Peaches and Cream Trifle is an easy summertime dessert that's bursting with flavor! You'll love this combination of pound cake, fresh peaches, and whipped cream. It’s the best way to enjoy the taste of summer peaches. To save time, you can make this trifle with store-bought pound cakes. You will need 2 large pound cakes—if you are using the frozen variety, you might need 3 since they tend to be shorter than homemade cakes. This trifle was made in a 3 quart trifle bowl that was about 8” tall and 8” wide. It can be made as individual trifles, or in another sized bowl—just be aware you will have to adjust the layers and quantities accordingly. It easily serves 12-16 people.
Preheat the oven to 350 degrees Fahrenheit. Spray two 9x5-inch loaf pans with nonstick cooking spray.
In the bowl of a large stand mixer combine the softened butter, cream cheese, and sugar. Mix on medium speed until light and fluffy, about 3-4 minutes. Add the eggs one at a time, mixing well after each addition. Add the vanilla and mix it in. The batter might appear a little broken at this point—that’s okay.
In a small bowl, whisk together the flour, baking powder, and salt. Add the dry ingredients to the wet ingredient and mix just until they’re combined. Finish stirring everything together with a spatula, scraping down the bottom and sides of the bowl.
Divide the batter between the prepared pans and smooth it into an even layer. Bake the loaves for about 45 minutes, until golden and a toothpick inserted into the center comes out with just a few moist crumbs attached. Let the pound cakes cool completely to room temperature before assembling the trifle.
To Make the Trifle:
When you’re ready to assemble the trifle, remove the pound cakes from their pans. Cut the cakes into slices about 3/4-inch thick, then cut the slices into cubes. Set the cubes aside for a moment.
Bring a pot of water to a boil. Slice a shallow “X” in the bottom of the peaches with a paring knife, just cutting through the skin. Place the peaches in the boiling water for 1 minute, then drain and plunge them into a bowl of ice water.
Once they are cool enough to touch, peel the skins off—the skins should slide right off thanks to the quick boiling. Cut the peaches in half and remove the pits.

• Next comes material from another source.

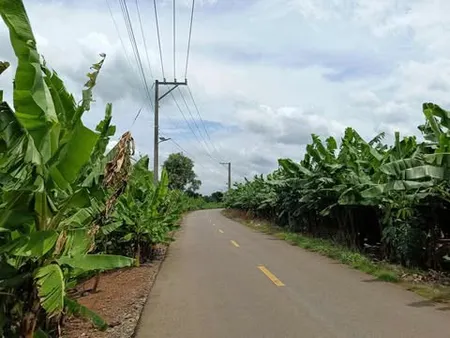 Bán đất 3513.3m² ngang 5m dài 50m giá 250 triệu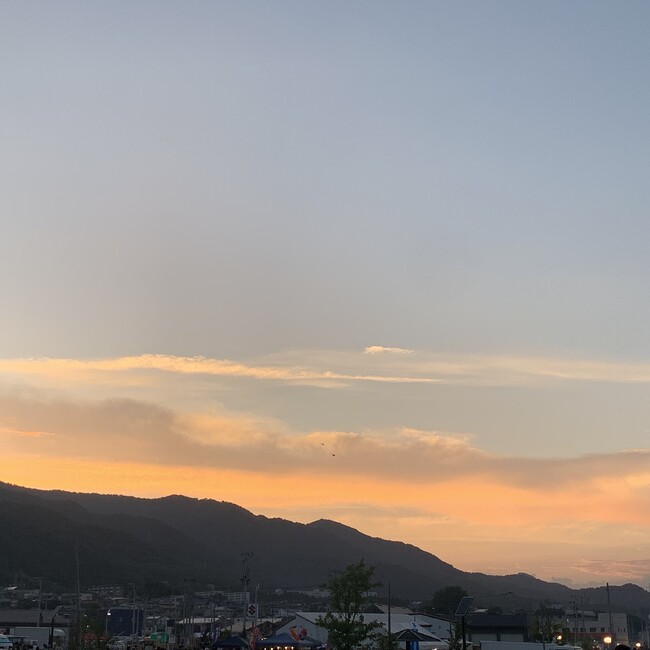 朱雨のカバー写真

For two peaches, cut them into thin slices about ¼-inch thick. Chop the remaining 3 peaches in rough cubes, and combine the peach cubes with the granulated sugar and lemon juice in a bowl. Stir roughly so the peaches start to release their juice—this is what we want!
Combine the cream, powdered sugar, and vanilla in a mixing bowl and beat with a whisk attachment until firm peaks form.
To assemble the trifle, spread a thin layer of whipped cream on the bottom of the trifle bowl. Arrange a layer of pound cake cubes in a single layer on the whipped cream, then top with a generous layer of whipped cream. Press peach slices around the sides of the bowl in a decorative arrangement, then put a heaping spoonful of the peach cubes and their juice on top of the whipped cream. Repeat the pattern with more cake cubes, whipped cream, and another layer of peaches. If you have more pound cake cubes, repeat with a third layer of pound cake, and then cover everything with the rest of the whipped cream. Add a few peach slices and sprigs of fresh mint on top.
Refrigerate the trifle for at least a few hours (even overnight is okay) before serving, to allow the cake time to soak up the liquid and get softer. Scoop servings into bowls and enjoy!